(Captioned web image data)
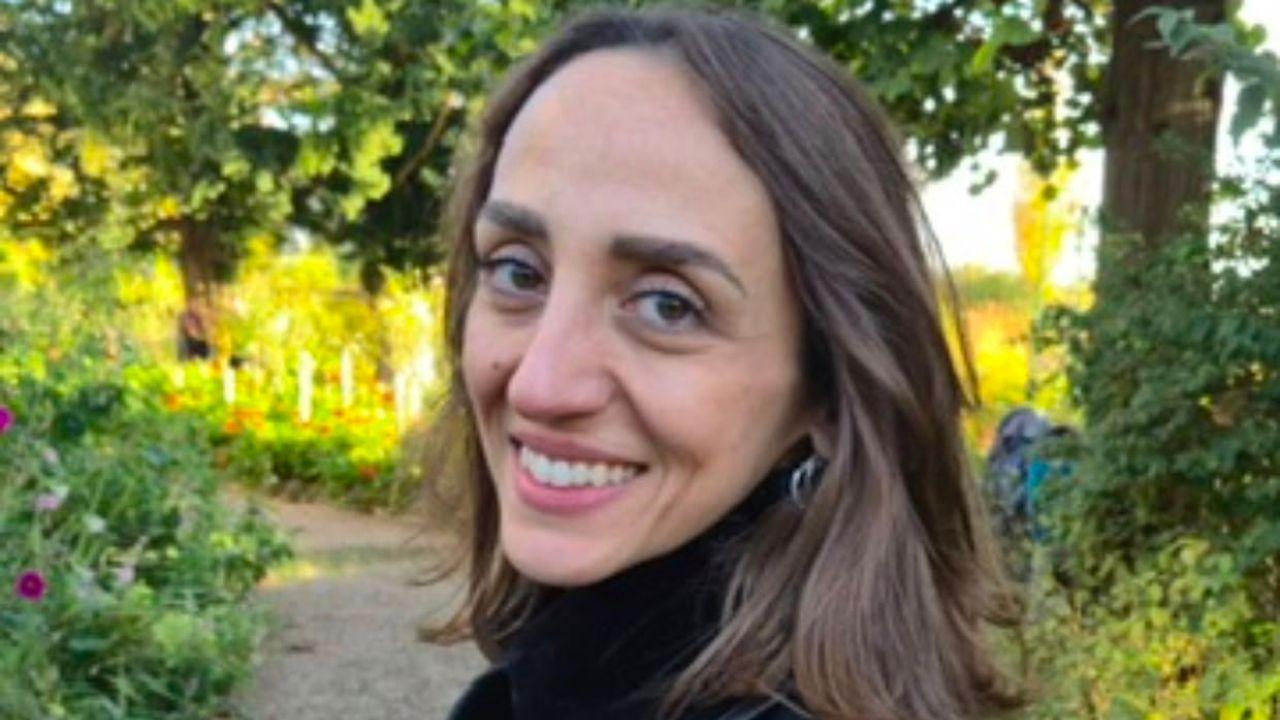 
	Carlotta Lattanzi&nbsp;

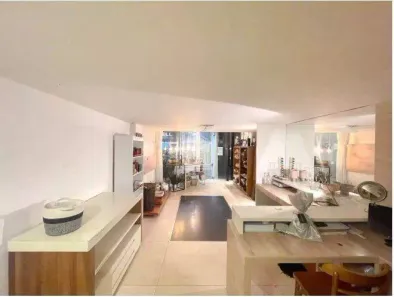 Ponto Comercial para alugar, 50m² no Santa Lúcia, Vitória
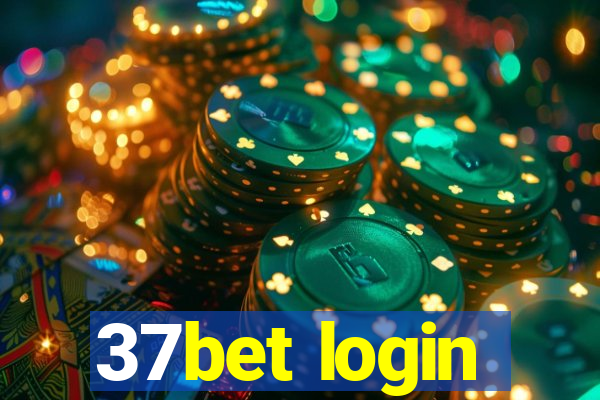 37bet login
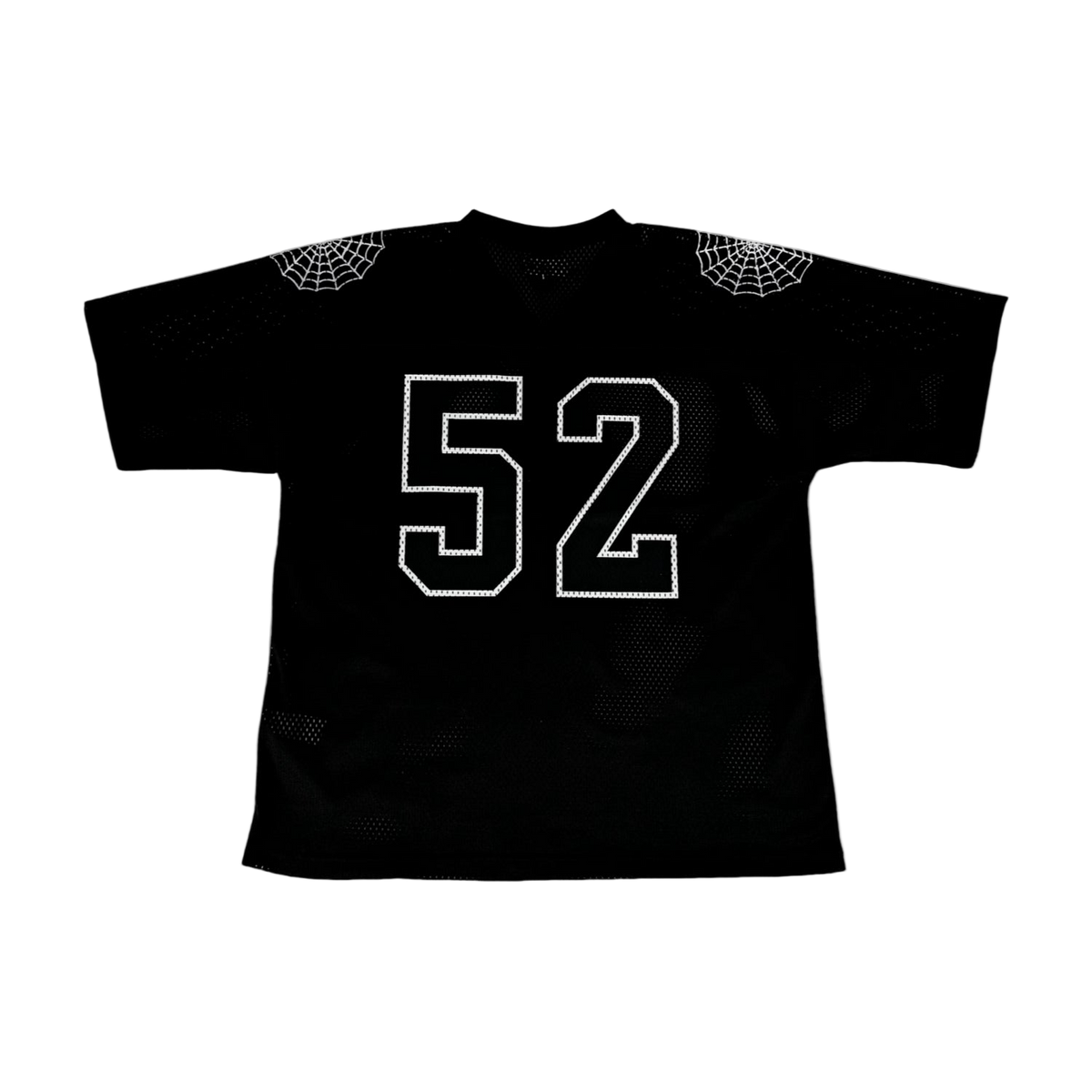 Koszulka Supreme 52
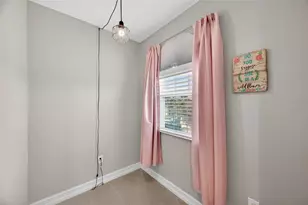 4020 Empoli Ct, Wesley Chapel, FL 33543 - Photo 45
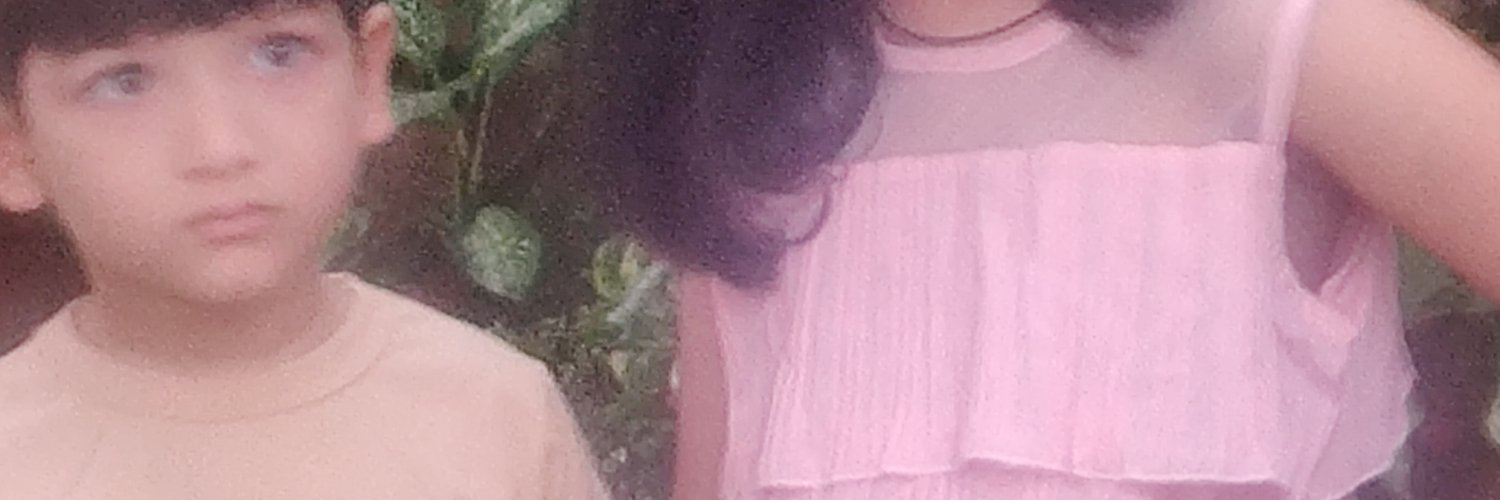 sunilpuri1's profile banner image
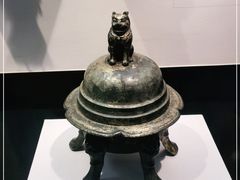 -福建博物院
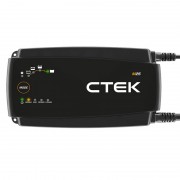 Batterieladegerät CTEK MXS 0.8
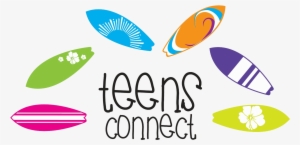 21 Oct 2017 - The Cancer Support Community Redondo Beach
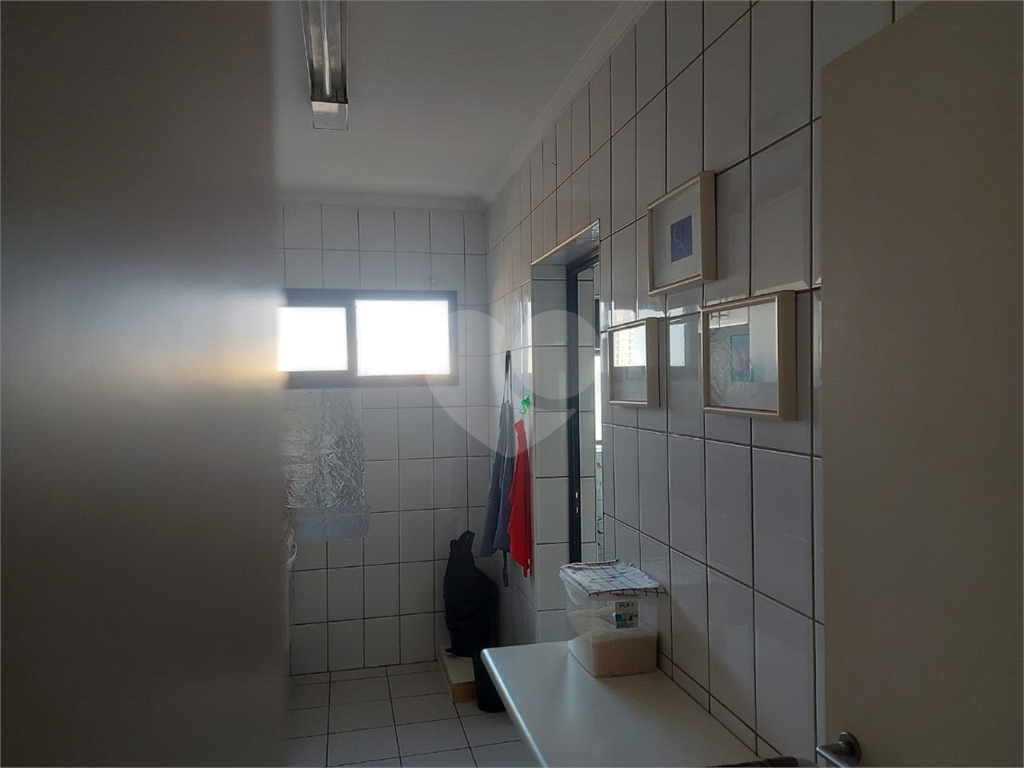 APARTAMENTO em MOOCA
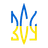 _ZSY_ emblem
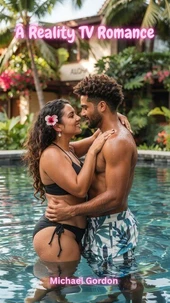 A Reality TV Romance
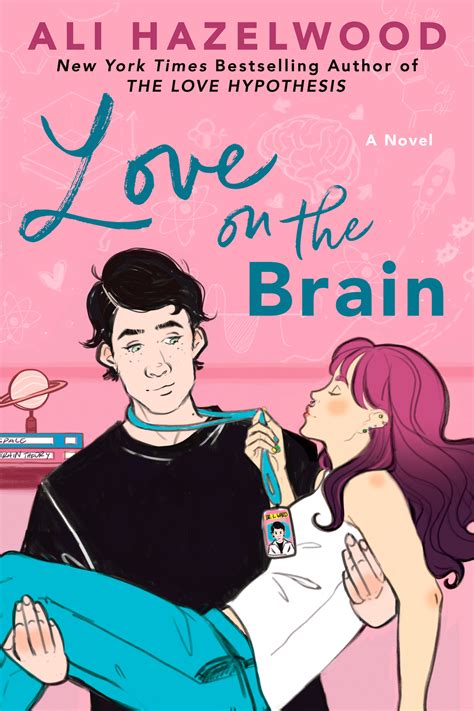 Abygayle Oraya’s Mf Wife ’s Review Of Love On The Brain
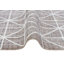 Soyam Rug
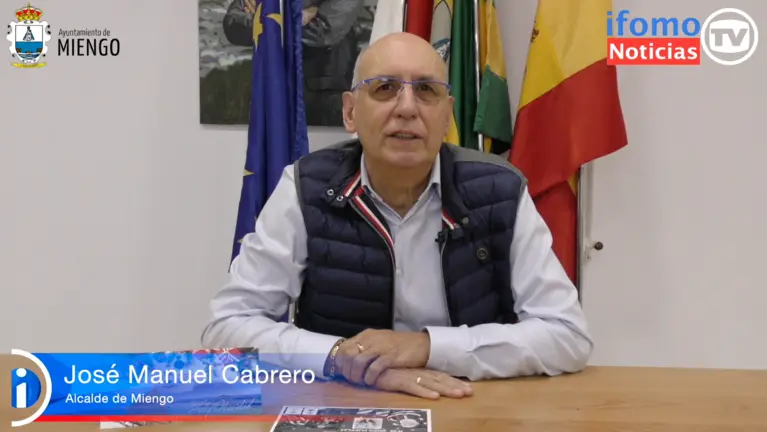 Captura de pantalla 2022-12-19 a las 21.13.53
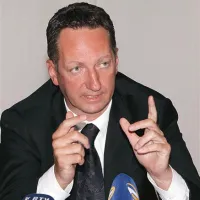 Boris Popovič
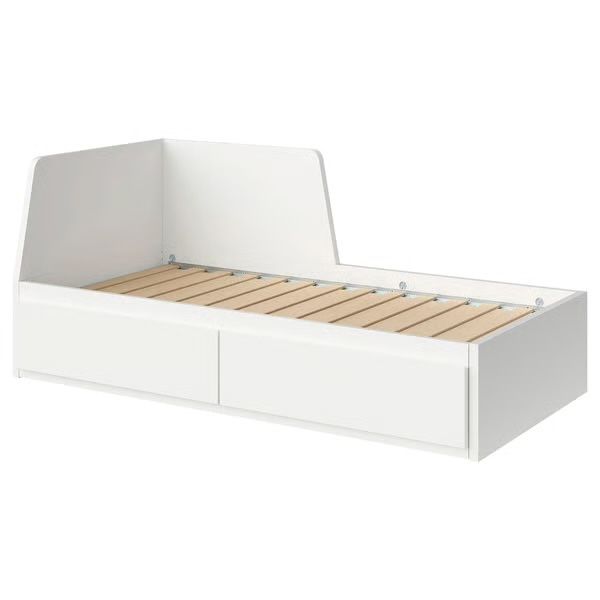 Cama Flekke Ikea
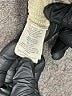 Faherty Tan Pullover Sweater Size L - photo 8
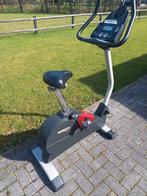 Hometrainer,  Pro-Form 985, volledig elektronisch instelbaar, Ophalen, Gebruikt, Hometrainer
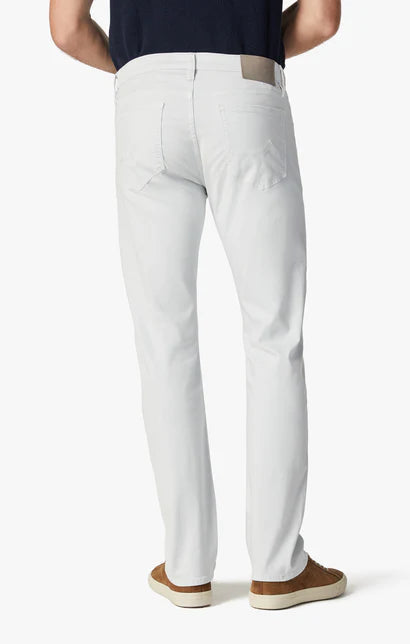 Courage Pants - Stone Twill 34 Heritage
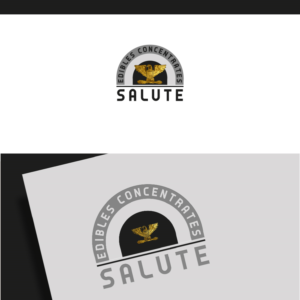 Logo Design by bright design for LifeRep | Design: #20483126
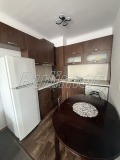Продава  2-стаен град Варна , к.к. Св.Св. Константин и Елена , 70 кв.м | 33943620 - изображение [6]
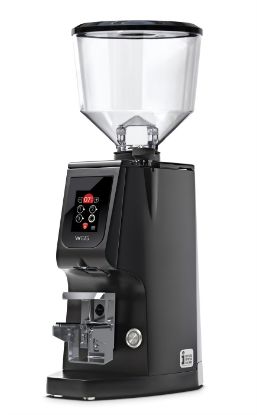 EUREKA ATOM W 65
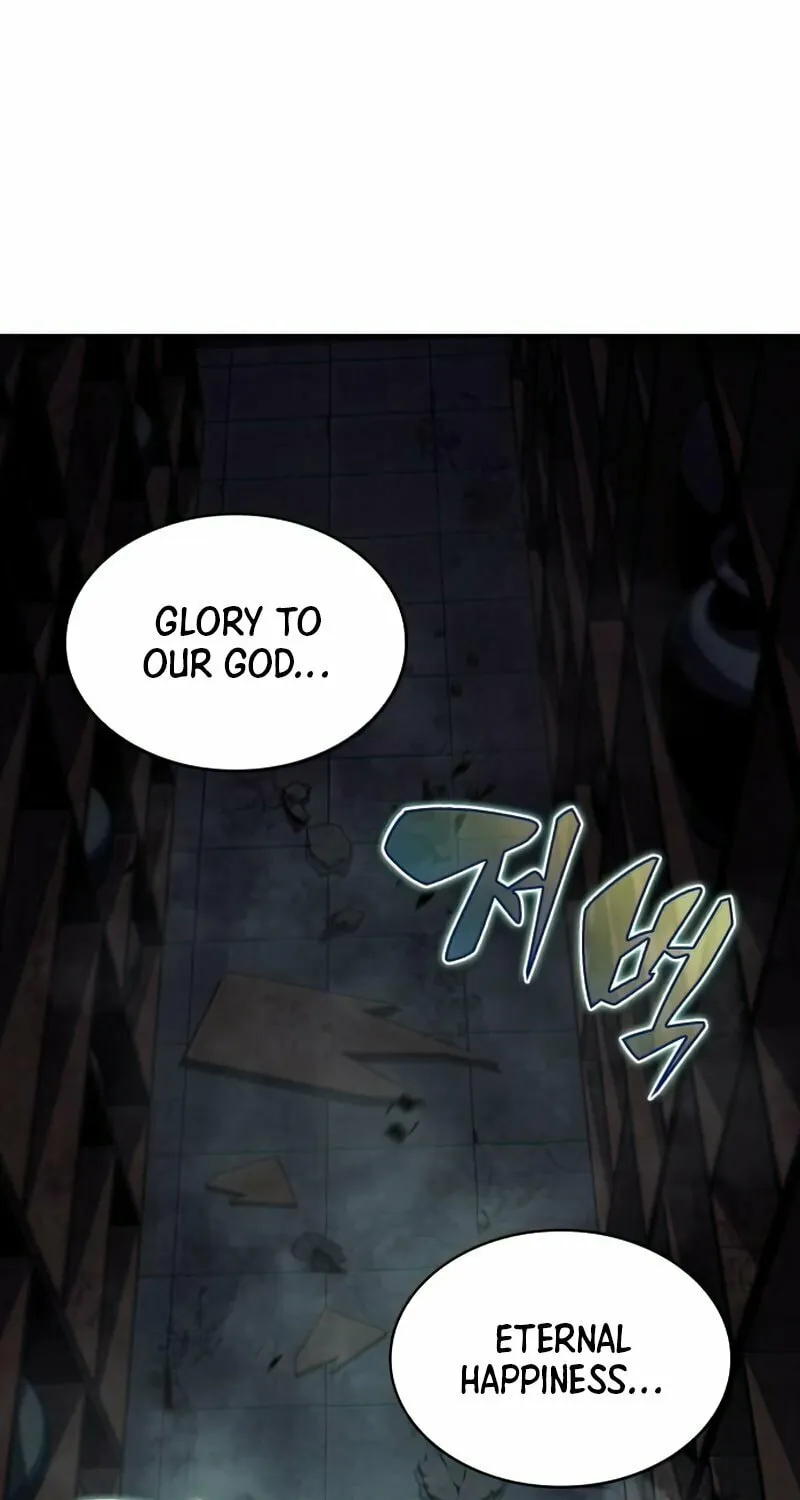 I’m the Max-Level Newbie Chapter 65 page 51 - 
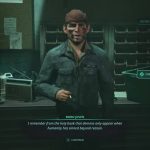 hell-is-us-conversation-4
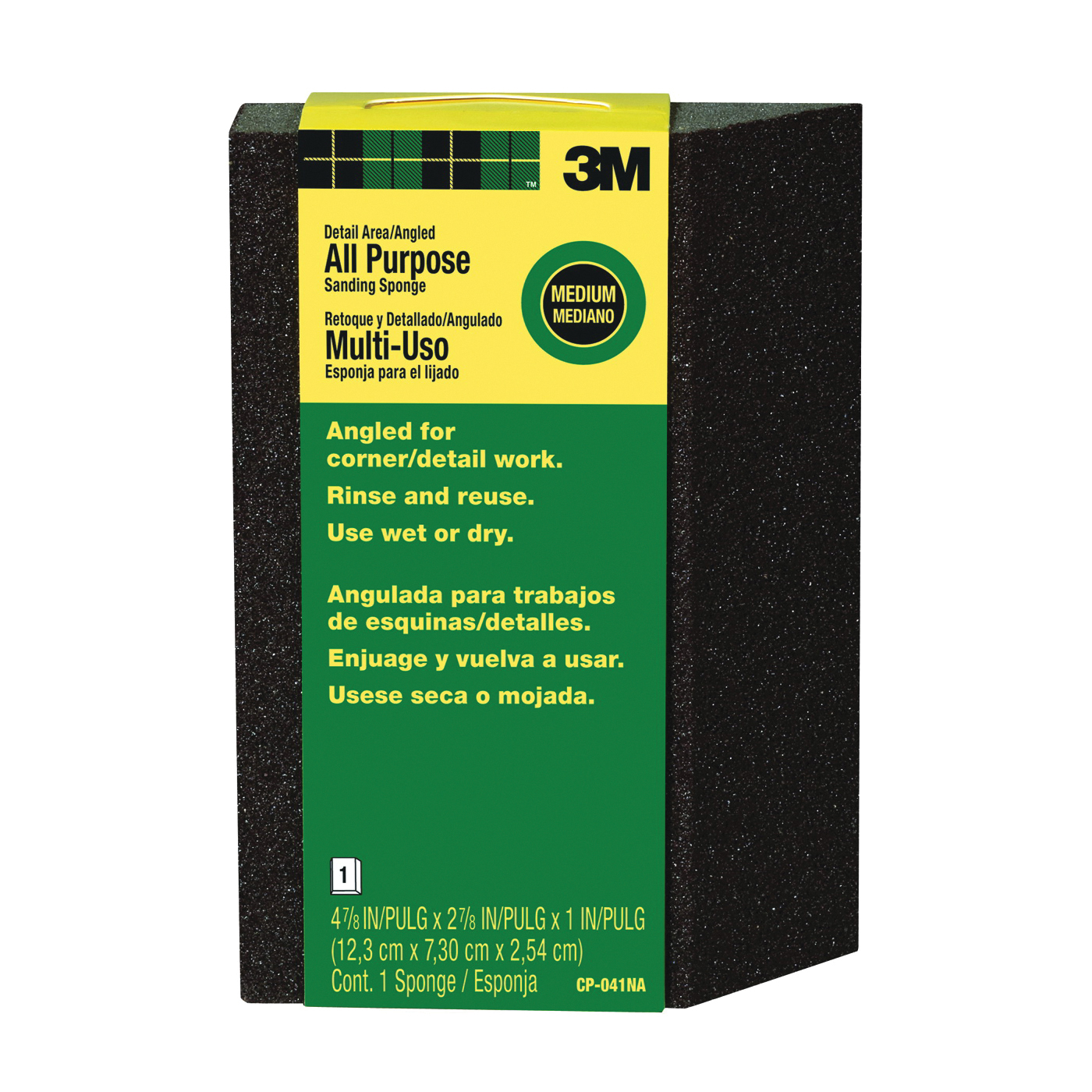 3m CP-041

## Directions
Without the pictures, give again exactly the lines above starting at the line containing "37bet login" and ending at the line containing "Faherty Tan Pullover".

## Answer to the problem
 37bet login
 Koszulka Supreme 52
 4020 Empoli Ct, Wesley Chapel, FL 33543 - Photo 45
 sunilpuri1's profile banner image
 -福建博物院
 Batterieladegerät CTEK MXS 0.8
 21 Oct 2017 - The Cancer Support Community Redondo Beach
 APARTAMENTO em MOOCA
 _ZSY_ emblem
 A Reality TV Romance
 Abygayle Oraya’s Mf Wife ’s Review Of Love On The Brain
 Soyam Rug
 Captura de pantalla 2022-12-19 a las 21.13.53
 Boris Popovič
 Cama Flekke Ikea
 Faherty Tan Pullover Sweater Size L - photo 8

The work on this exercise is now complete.